Working with images can be a very time-consuming task, especially if you have many images to work on. Machine learning can thus be a great time-saver for various image analysis and editing tasks, such as finding the dominant colors of an image thanks to the K-means clustering algorithm.
This series of articles dives deeper into the actual applications of Machine Learning that are currently in use in many current technological processes and devices.
Through these posts entitled “Machine Learning is Fun!”, Adam Geitgey guides us step by step through the concepts, data, algorithms, code, results and pitfalls of machine learning applications from image, face and speech recognition to language translation and more. It also gathers several different sources for more details on each application and its development.

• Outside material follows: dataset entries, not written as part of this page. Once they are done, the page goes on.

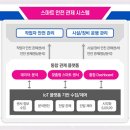 한진신항노동조합 이미지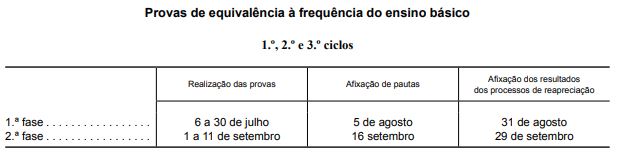 Calendário das provas de aferição do ensino básico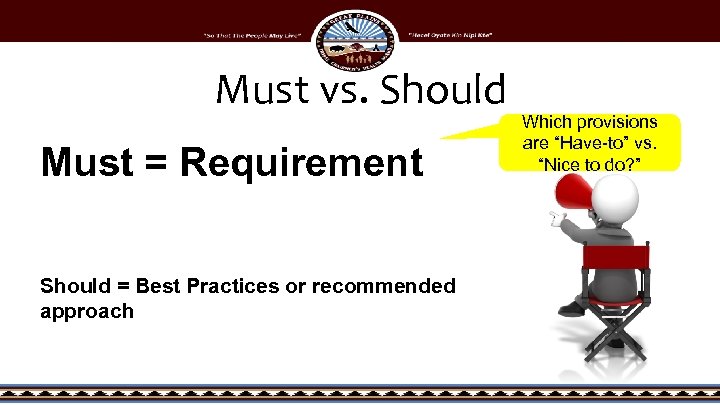 Must vs. Should Must = Requirement Should = Best Practices or recommended approach Which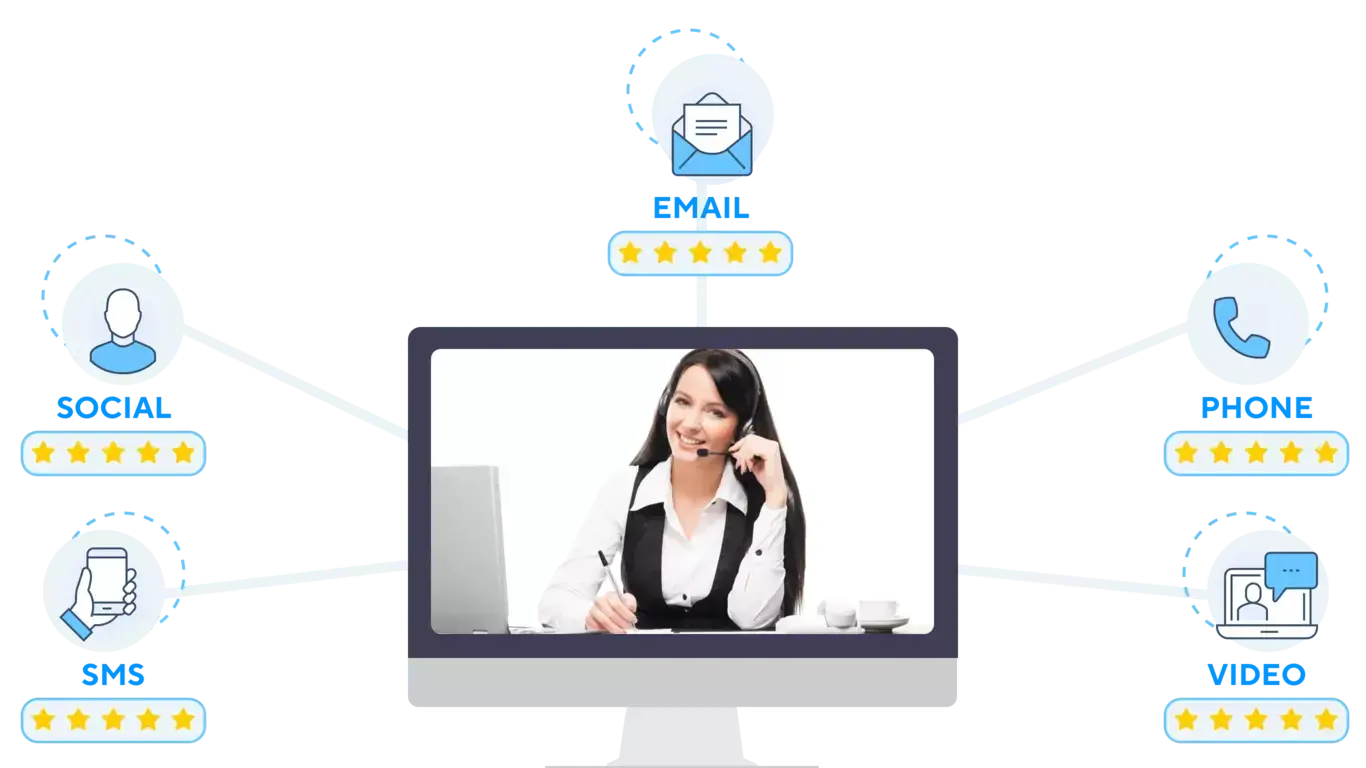Business Communication Solutions for Customer Support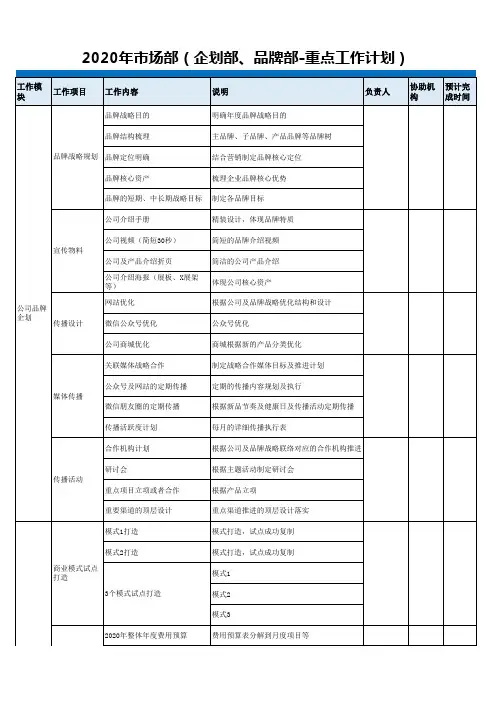 商业地产、购物中心—市场部(品牌部、企划部)工作计划表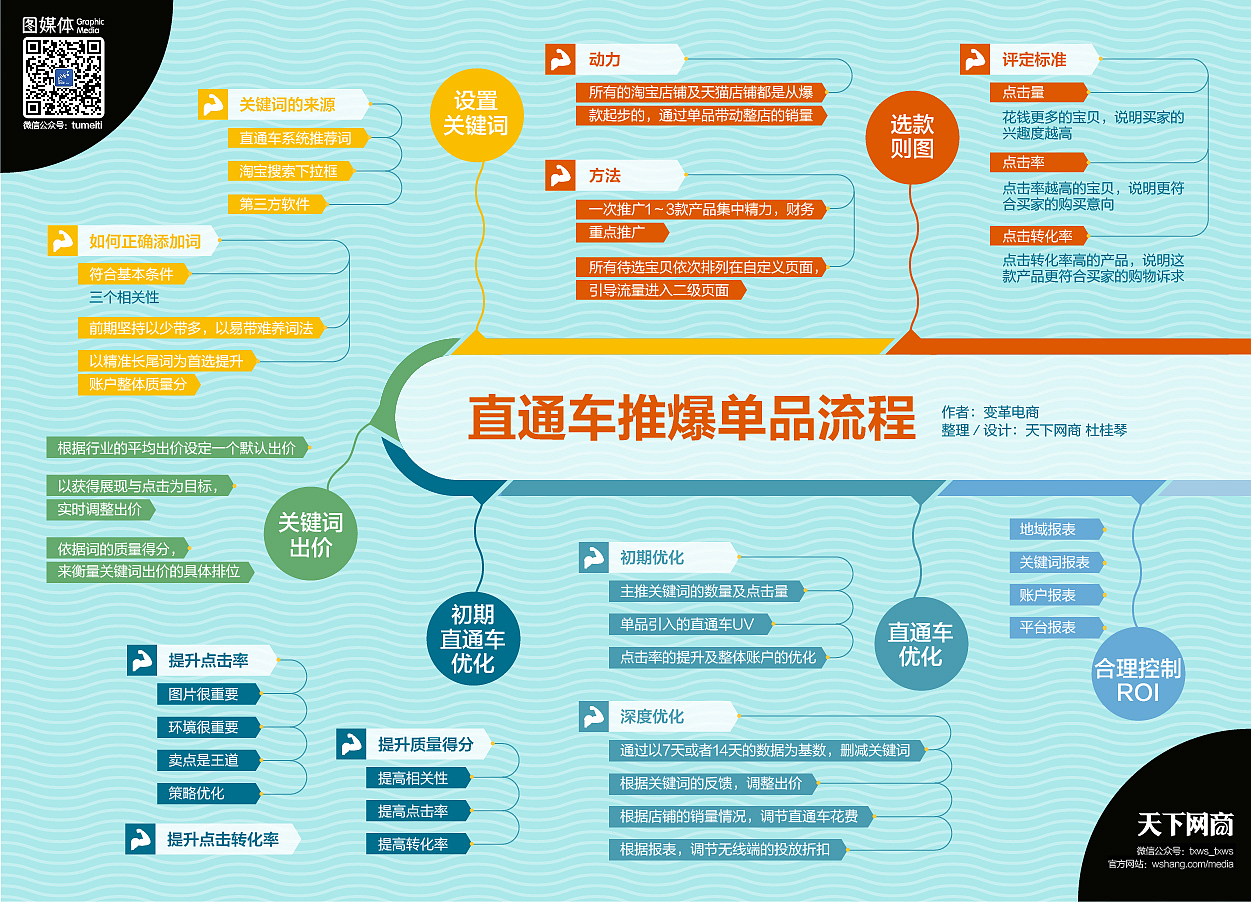 運營必須知道的四大“絕世”玩法（圖ZNzE2Njg4MzI=） - 信息圖表 - 站酷設(shè)計師_toguiqin_原創(chuàng)素材 - 站酷ZCOOL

This series is really dense with detailed code, but it is also explained very clearly, step by step, with detailed illustration. It notably covers the use of a Convolutional Neural Network (including Generative Adversarial Network) and Recurrent Neural Network, together with some of their most prominent applications in daily life. It is a real course not to be missed for any ML developer!

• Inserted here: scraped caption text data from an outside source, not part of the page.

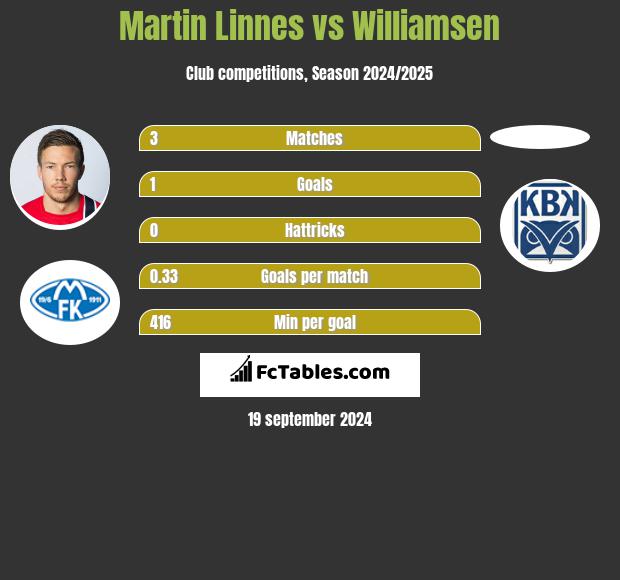 Martin Linnes vs Williamsen h2h player stats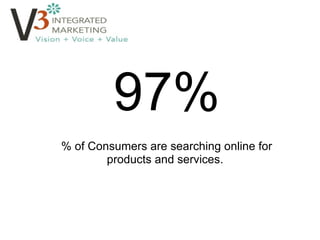 97% % of Consumers are searching online for products and services. 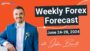 Weekly Forex Forecast For June 24-28, 2024 (DXY, EURUSD, GBPUSD, NZDUSD, EURCAD)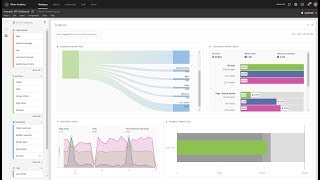 Analysis Workspace Overview  Adobe Analytics [upl. by Nohtanhoj568]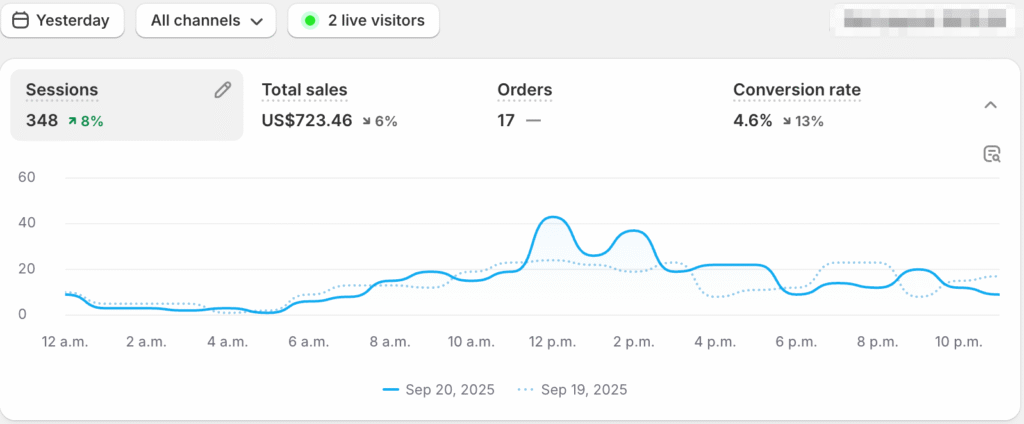 Day 6: Cutting dead weight - road to $1k days day 6 ecomlabx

Here is the list of posts with direct links:
- Part 1: The world’s easiest introduction to Machine Learning
- Part 2: Using Machine Learning to generate Super Mario Maker levels
- Part 3: Deep Learning and Convolutional Neural Networks
- Part 4: Modern Face Recognition with Deep Learning
- Part 5: Language Translation with Deep Learning and the Magic of Sequences
- Part 6: How to do Speech Recognition with Deep Learning
- Part 7: Abusing Generative Adversarial Networks to Make 8-bit Pixel Art
- Part 8: How to Intentionally Trick Neural Networks
Image recognition by a deep neural net
Convolution: a neuron looks for patterns in a small portion (10×10 px) of an image (256×256 px), the process is repeated by moving this small area little by litte.
Pooling: The result of the convolution is computed as a point for each portion analyzed. By a similar step by step process, a small set of points are computed into values by choosing the maximum value (“max pooling”).

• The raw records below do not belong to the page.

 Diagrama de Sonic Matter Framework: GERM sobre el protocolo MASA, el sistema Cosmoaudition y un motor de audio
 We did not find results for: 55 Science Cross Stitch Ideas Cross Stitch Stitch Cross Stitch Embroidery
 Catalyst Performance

By reproducing the pooling process multiple times (100x), and feeding it to a neural net, it will compute how likely the initial image is recognized as a known category.
A small number of neurons (~2), the “hidden layer“, a bottleneck of neurons between two columns of multiple neurons (~10) is used to obtain output values z[n] that are the same as input values x[n].
Such results implies that a form a generalization is accomplished by the hidden layer, or rather, a form of encoded generalization, as the actual parameters of the bottleneck of neurons seems not so obvious to understand.
Final layer of neurons
As the neural net is trained with parameters and thresholds, the shape and corresponding equation of the sigmoid function is adapted to properly sort positive and negative results, by maximizing the probability of sorting examples properly.
Instead of sorting by the maximum value and the corresponding category, the final output is an array of the most probable categories (~5 categories).
The problems of neural nets is that they can get blocked in local maximum areas. To prevent this, at each computation, one neuron is deactivated to check if its behavior is skewing the neural net. At each new computation another is shut down, or dropped out, to check all neurons.
Thanks to wider neural networks, neural nets can avoid being jammed into local maximum as they can analyze local maximum through more parameters.